## AIM OF THE EXERCISE
Exact copies of the lines from the one holding "Woman pays for" through the last line of the entries below are to be printed, with pictures omitted.

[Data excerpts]
________________________________________
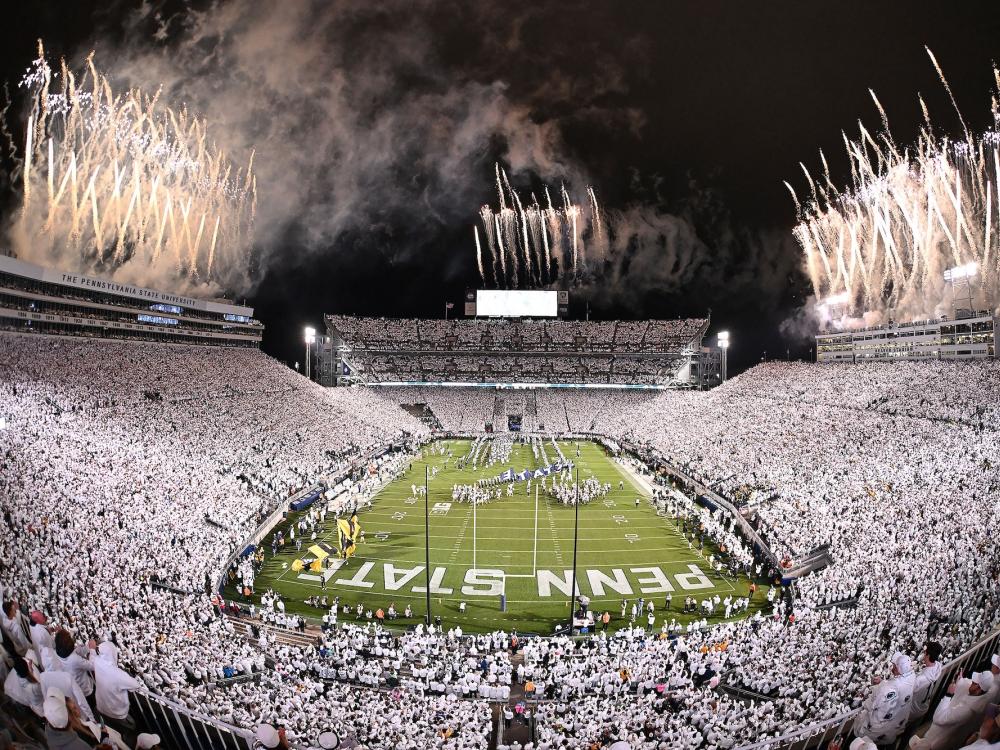 wide show of Beaver Stadium during night game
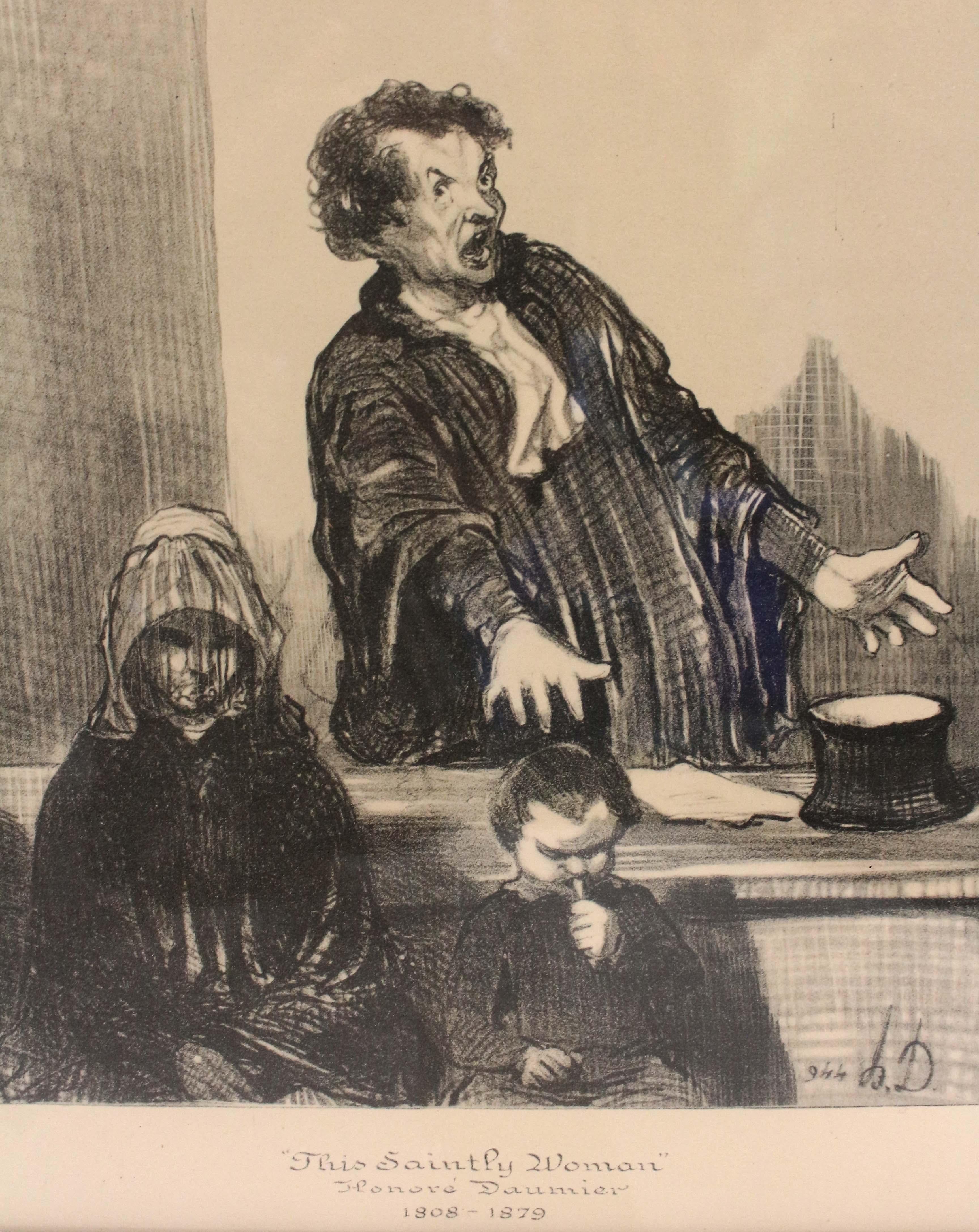 CIRCA 1900: Vier Drucke von Honore Daumier, französisch. Humorvolle Drucke über den 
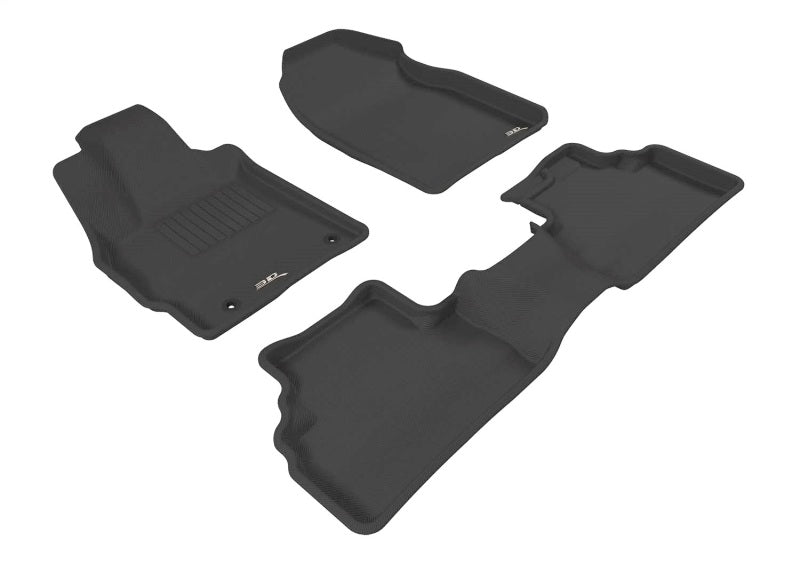 3D MAXpider black rubber floor mats for Mazda CX-7 2007-2012, full set with textured surface and custom fit.
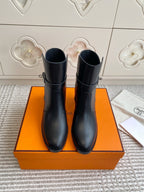 Kelly Buckle Mid-Heel Leather Ankle Boots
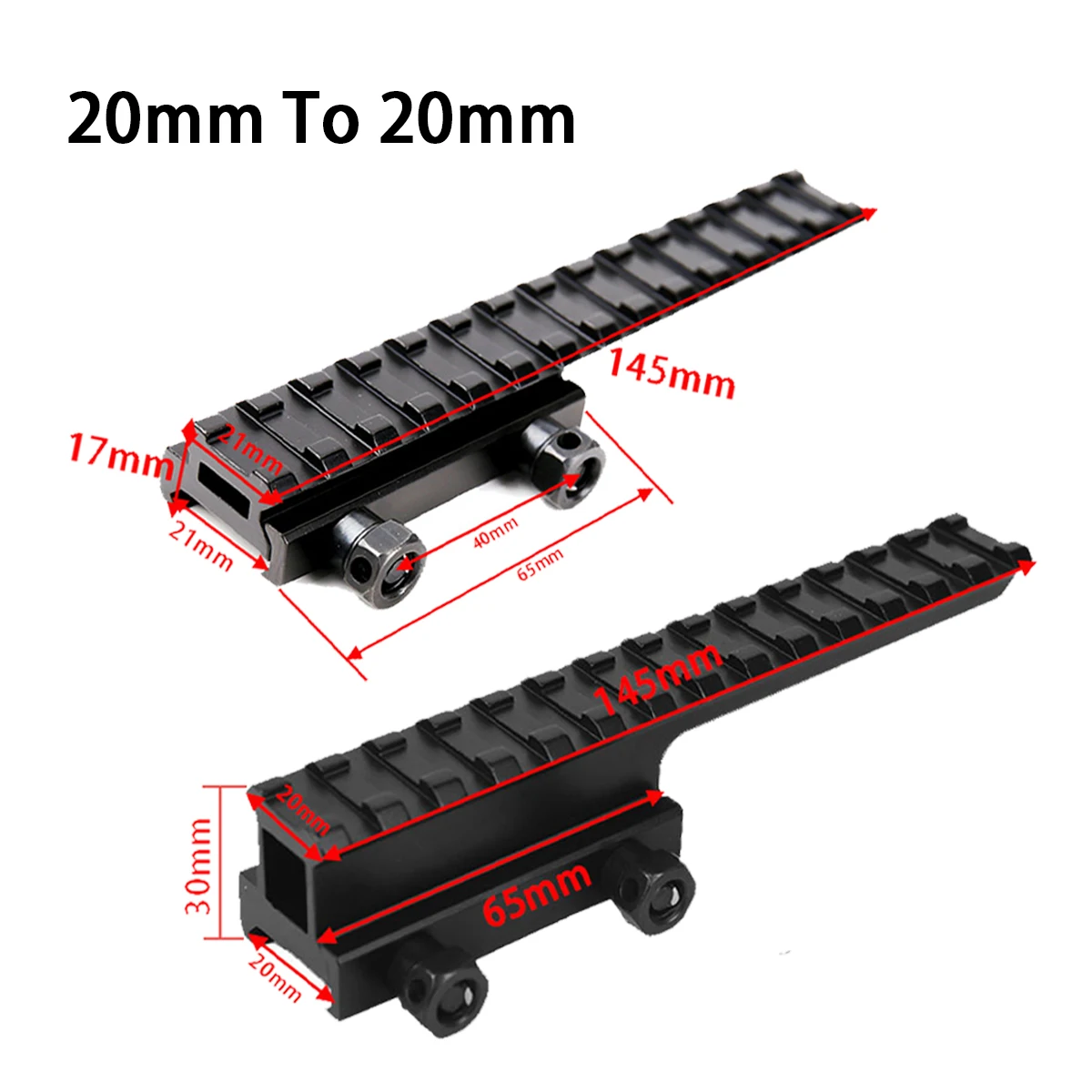 Adaptador riel Picatinny 11-20 mm para mira telescópica airsoft - imagen 5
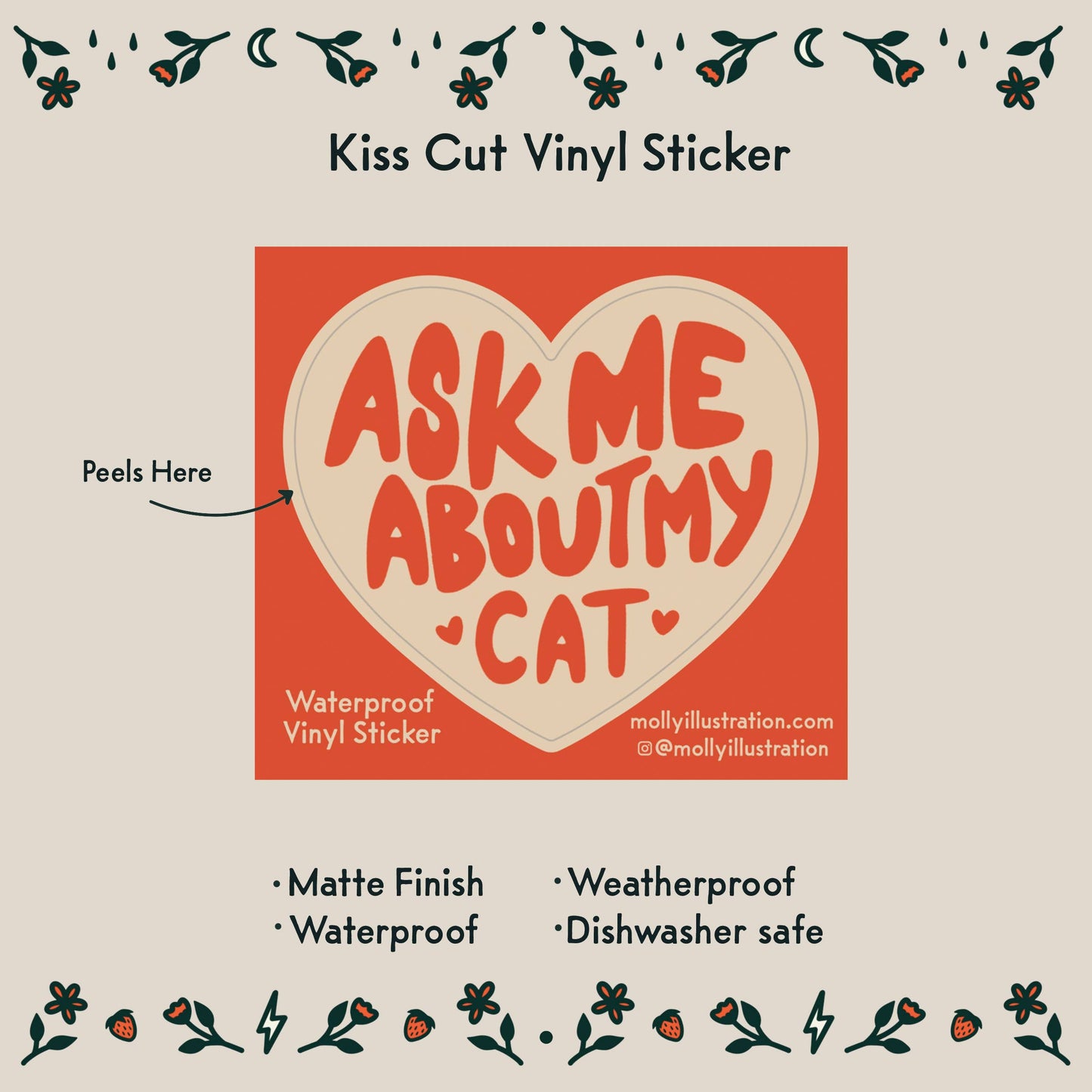 Vinyl sticker with heart design and text 'Ask me about my cat' on a beige background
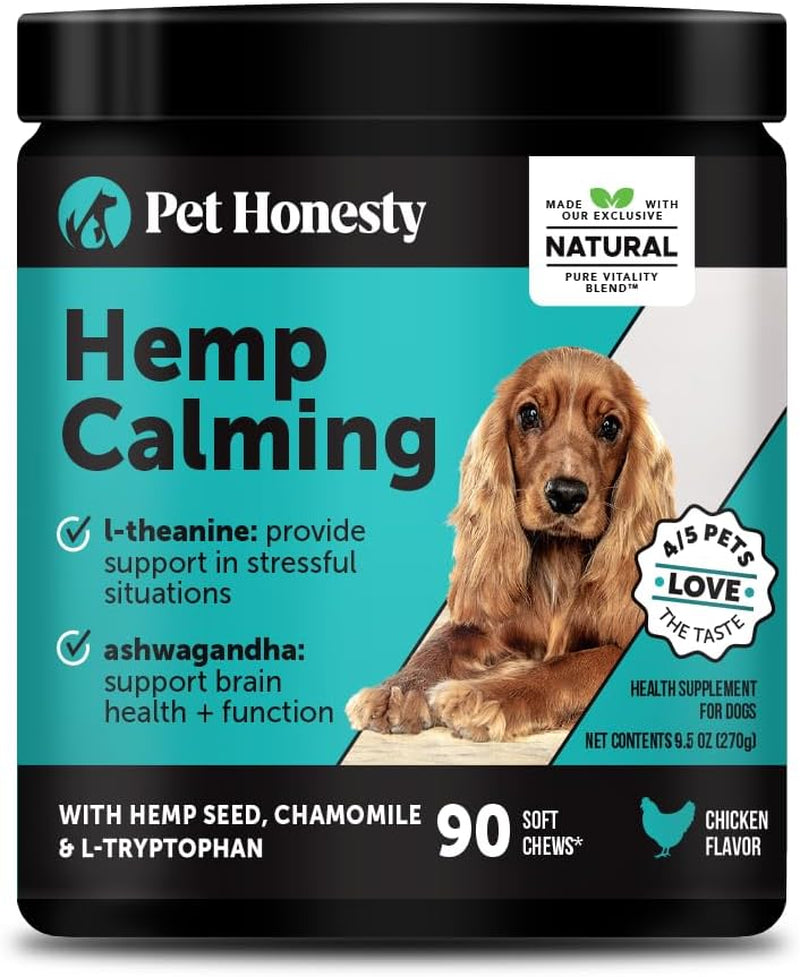 Natural Hemp Calming Chews for Dogs - Dog Anxiety Relief - Calming Aid Supplement with Valerian Root, Chamomile, + Magnesium - Stress, Separation & Thunder Support - (Chicken, 90 Count)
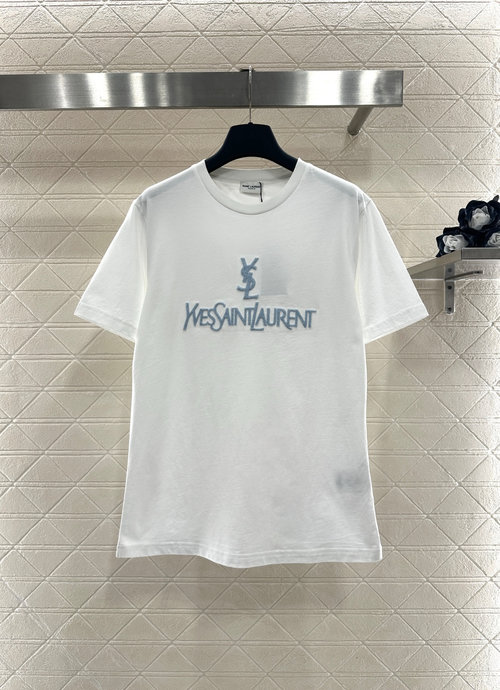 Yves Saint Laurent Cotton Short Sleeve T-shirt with Embroidered Furry Logo, Distinctive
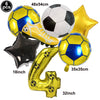 Un set de six ballons de football jaune et bleu, incluant un ballon, une botte et le chiffre quatre.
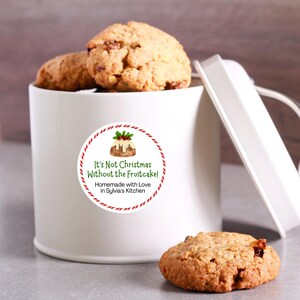Weihnachtssticker für Obstkuchen, personalisiert, Geschenkanhänger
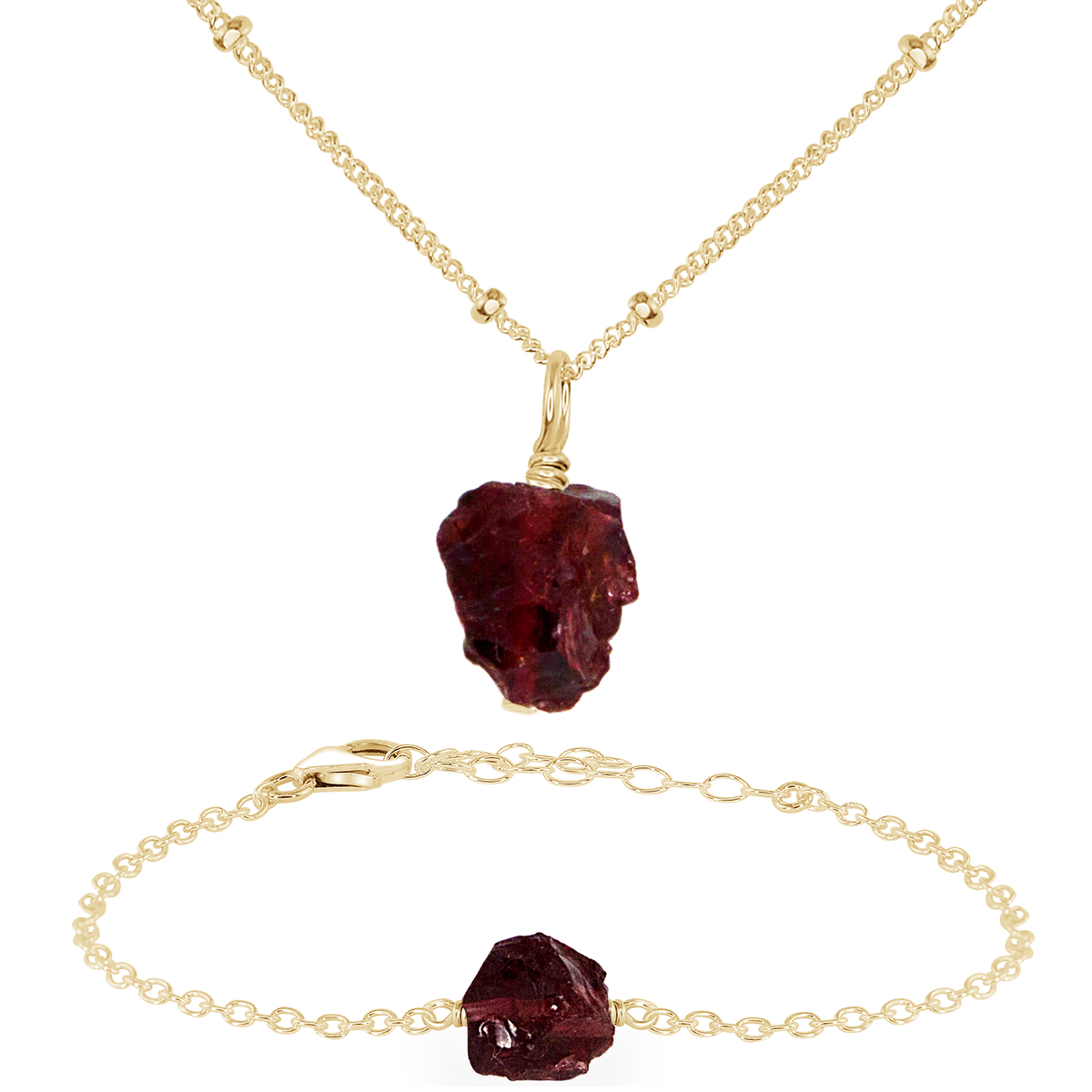 Raw Garnet Crystal Jewellery Set - Raw Garnet Crystal Jewellery Set - 14k Gold Fill / Satellite / Necklace & Bracelet - Luna Tide Handmade Crystal Jewellery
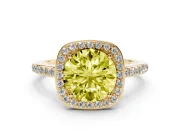 Round Halo Engagement Ring Setting for a Fancy Yellow Lab-Grown Diamond | Yellow Gold - Design NV-24729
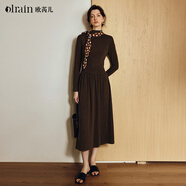 Olrain絲巾飄帶高彈針織連衣裙女裝冬季修身收腰顯瘦內搭長(cháng)裙 咖色 M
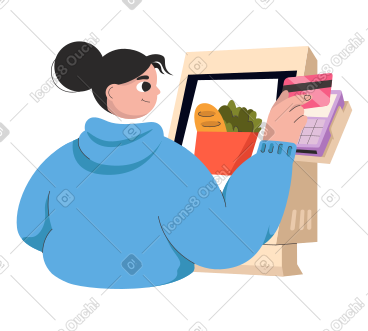 Woman pays for groceries at the self-service checkout PNG, SVG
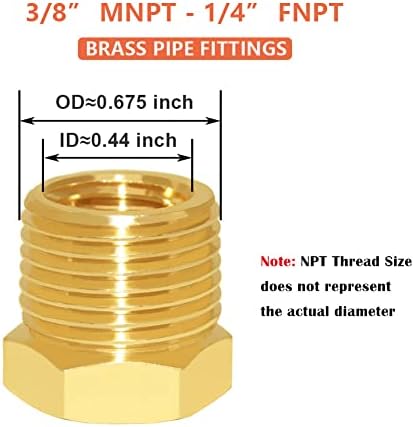 Hooshing 10PCS Brass Reducer Hex Bushing 3/8" NPT Male x 1/4" NPT Female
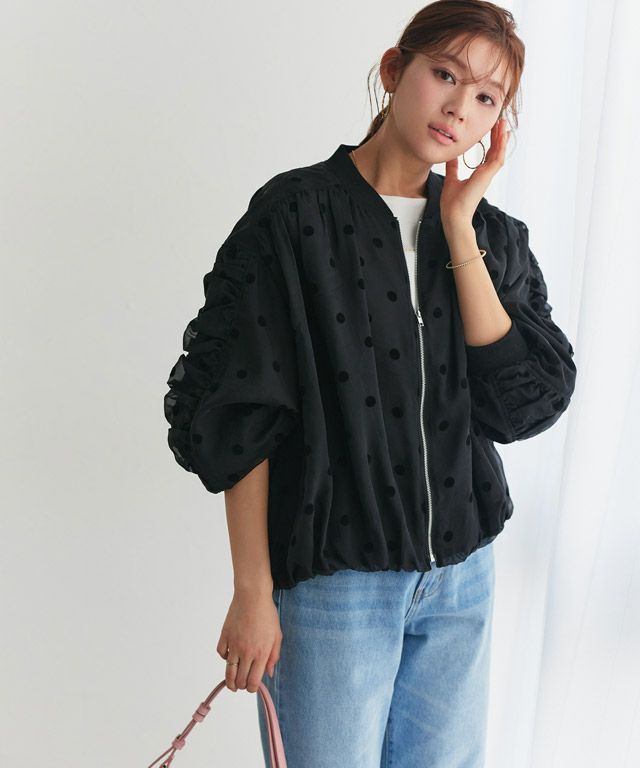 166cm / ドット / ブラック / M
________________________________________
## ANSWER SECTION
 Woman pays for groceries at the self-service checkout PNG, SVG
 Hooshing 10PCS Brass Reducer Hex Bushing 3/8" NPT Male x 1/4" NPT Female
 166cm / ドット / ブラック / M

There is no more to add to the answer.